勤め先は、親父の知り合いの土建屋。今時の高校生には珍しい、とよくいわれる。俺もそう思う。
理由は、まあ、いくつかあるんだけれど、ひょろい非力くんの俺が多少体を鍛えられたりするんじゃないか、なんて淡い期待もあったのは事実。
実際、半年も勤めていたら、体つきが変わった。身長だけは平均より少し高いけれど、風で折れそうな体(両親談)だった俺が、久しぶりに会った中学校時代の同級生に「……路線変えた?」と怪しまれる程度には筋肉質になった。
会社が暇な時はバイトの俺なんかいてもかえって邪魔だから、呼ばれもしないで休みになる。でも秋になると工事関係は忙しいようで、土日祝日は入れるだけ入って欲しい、と頼まれていた。
体的にはかなりきつかったけれど、慣れってのは怖いもので、毎週末にぼろ雑巾になっても、次の週末には「さあ、ここからが今週の本番だ」みたいな気合が入るようになっていた。

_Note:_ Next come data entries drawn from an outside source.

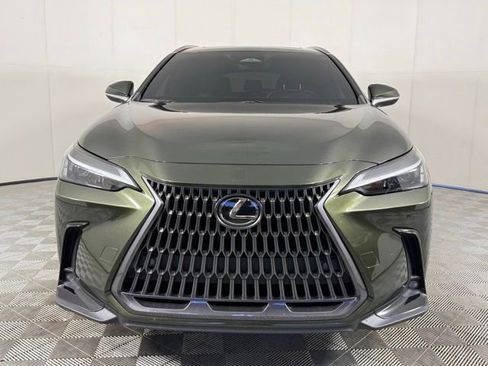 Used 2024 Lexus NX 250 FWD image 11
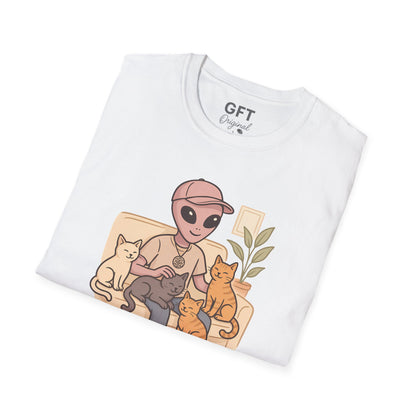 Earthlings with Cosmic Hearts 💜 Cats – T-Shirt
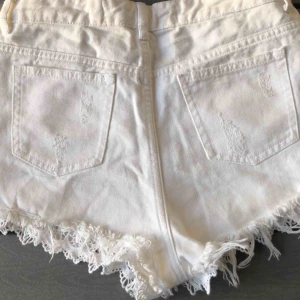  - Vita helt nya (!!) shorts. Vet ej vart dom är köpa då min mamma köpte med dom från Spanien!  !!! Köparen står för frakt !!!
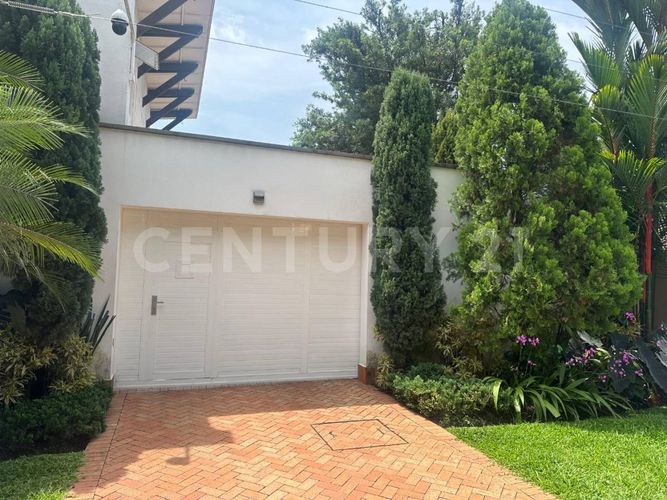 Casa de 4 alcobas en venta en La Flora, Cali, 436 m² · foto 3 de 21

その分、学校がおろそかになりがちで、月曜日なんかは本気でサボろうかと何度も思った。
サボらず遅刻寸前でもどうにか通っていたのは、親や教師に何か言われるのが嫌という小心さからで、学業が学生の本分だとか考えていたわけじゃない。
まあ、自転車で10分もこげば着いてしまうところに学校があれば、それほど通学に苦労なんかない。

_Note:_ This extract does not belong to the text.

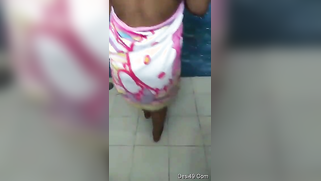 Desi housewife flashes body in amateur porn video after taking a shower | XXX Video on AllSex.XXX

それはともかく、文化祭の会議があった翌日の土曜日、天気も回復して残暑の名残のように蒸し暑い感じになったその日、俺はとなりの街にいた。
現場は片側2車線の国道。その横にある小さな道、側道というらしいけど、その側道と国道の歩道との間にある細くて掘ったままの水路を、コンクリート製の水路に直す工事。
生い茂ったやけに背が高い雑草をかき分けながら、高さを測ったり幅を測ったりしていたのは夏休みのこと。今では水路はすっかりコンクリート製に変わり、今日はそこに蓋をかける仕事だった。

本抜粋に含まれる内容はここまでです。